Выудил грязными пальцами лезущее через край яблоко и разлил розовую жидкость по кружкам. Они чокнулись и переглянулись.
— Ну что, пацаны? За отлет! — сказал Лютый.
— Прорвались, пацаны!
— Не верится даже, правда?
Они выпили и задохнулись.
— Погоди… сколько градусов-то?.. — просипел Чугун.
— Семьдесят. А чо, за сто верст бражку слать? Мне б на одного не хватило!
Воробей с выпученными глазами искал чем заесть, схватил яблоко, надкусил — и совсем скис, отплевываясь. Все захохотали.
— Классное яблочко, Воробей? Из райского сада!
— Слышь, пернатый, да ты не пей, не мучайся, — сказал Чугун. — Ты яблочка поклюй, тебе хватит!
— Ну чо, по второй сразу? — спросил Ряба.
— Погоди, не гони. Пиночет, доставай, — кивнул Лютый.
Пиночет разломил домашний пирог, вытащил начинку — завернутый в целлофан пакет с травой. Свернул косяк, раскурил, передал дальше по кругу.
Воробей затянулся, медленно выдохнул, пробуя вкус, пожал плечами, передал Джоконде и сплюнул.
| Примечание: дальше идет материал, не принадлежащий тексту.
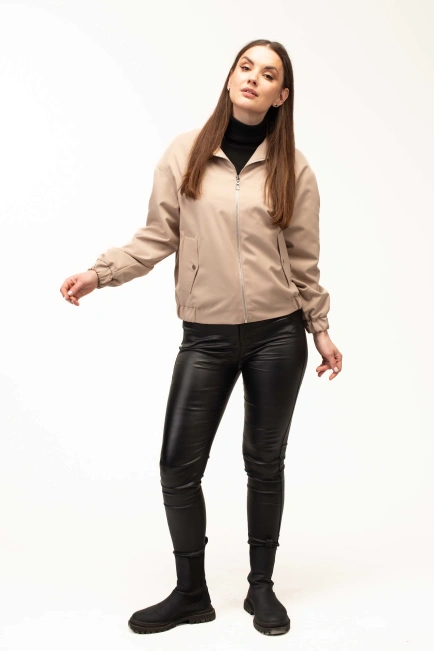 Жіноча легка куртка-бомбер бежева-6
— Трава травой. А в чем кайф-то?
Чугун покосился на сосредоточенно напыжившегося, с раздутыми щеками Воробья, его душил смех, он из последних сил пытался сдержать дыхание, коротко хрюкнул раз, другой, выпуская тонкие струйки дыма, и наконец захохотал, невольно заражая смехом остальных. Один за другим все кололись, окутываясь клубами дыма.
— Кончай, Чугун! Кайф уходит! Чо, повело уже?
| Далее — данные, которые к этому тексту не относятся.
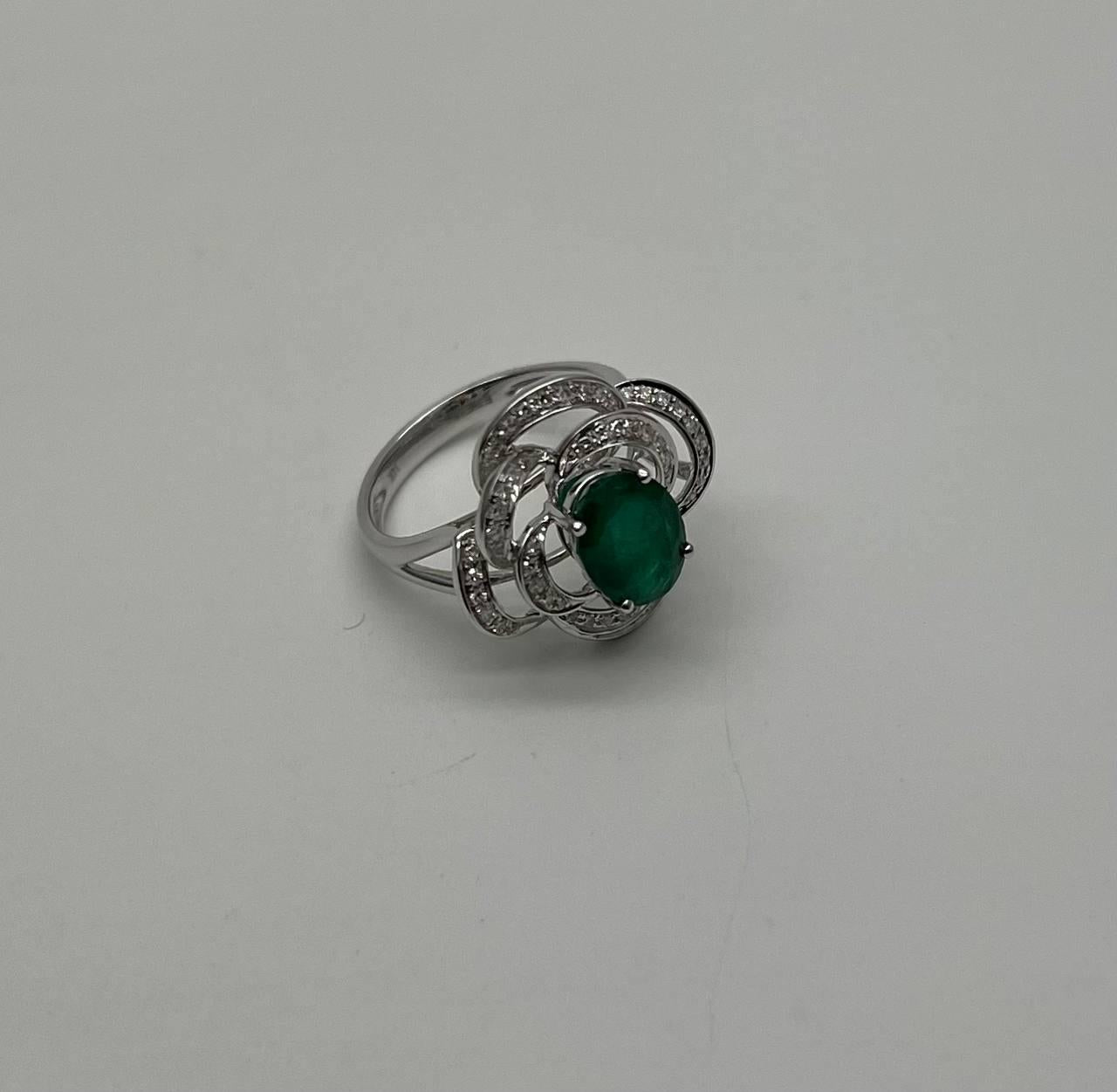 Oval Shape Green Emerald 14K White Gold Diamond Halo Floral Flower Spirals Ring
— Да не… Я, это… — Чугун все не мог остановиться. — Как Воробей под танком обоссался!.. Да еще фигурно как-то… Ну ладно… это… но как ты на спину-то себе нассать изловчился?
— Да ладно, а сам-то — чуть очком на кол не сел! Четыре часа бегали, искали, думали — в Афган улетел, а он, как пугало в огороде, стоит!
— Лютый!.. — растроганно сказал Воробей, с трудом уже ворочая языком. — Ты такой… такой!.. — Слов ему уже не хватало. — Ребята! Вы все такие… Вы сами не знаете, какие вы! Я за вас — все!.. Я вас всех так люблю!..
— Ну, пернатый нажрался! — засмеялись пацаны. — Не наливайте больше, а то на горбу тащить придется!
— А бздиловато немного, а, пацаны? — сказал кто-то. — Если уж честно-то, без понтов…
Повисла долгая пауза, пацаны смотрели в стороны, избегая глазами друг друга.
— Да ладно… не всех же… — откликнулся другой.
— Да нет, если сразу — не страшно. Хуже всего, если покалечит… Я в Ташкенте в госпитале был. Лежат пацаны, палата целая, а каждый — на полкойки, что осталось…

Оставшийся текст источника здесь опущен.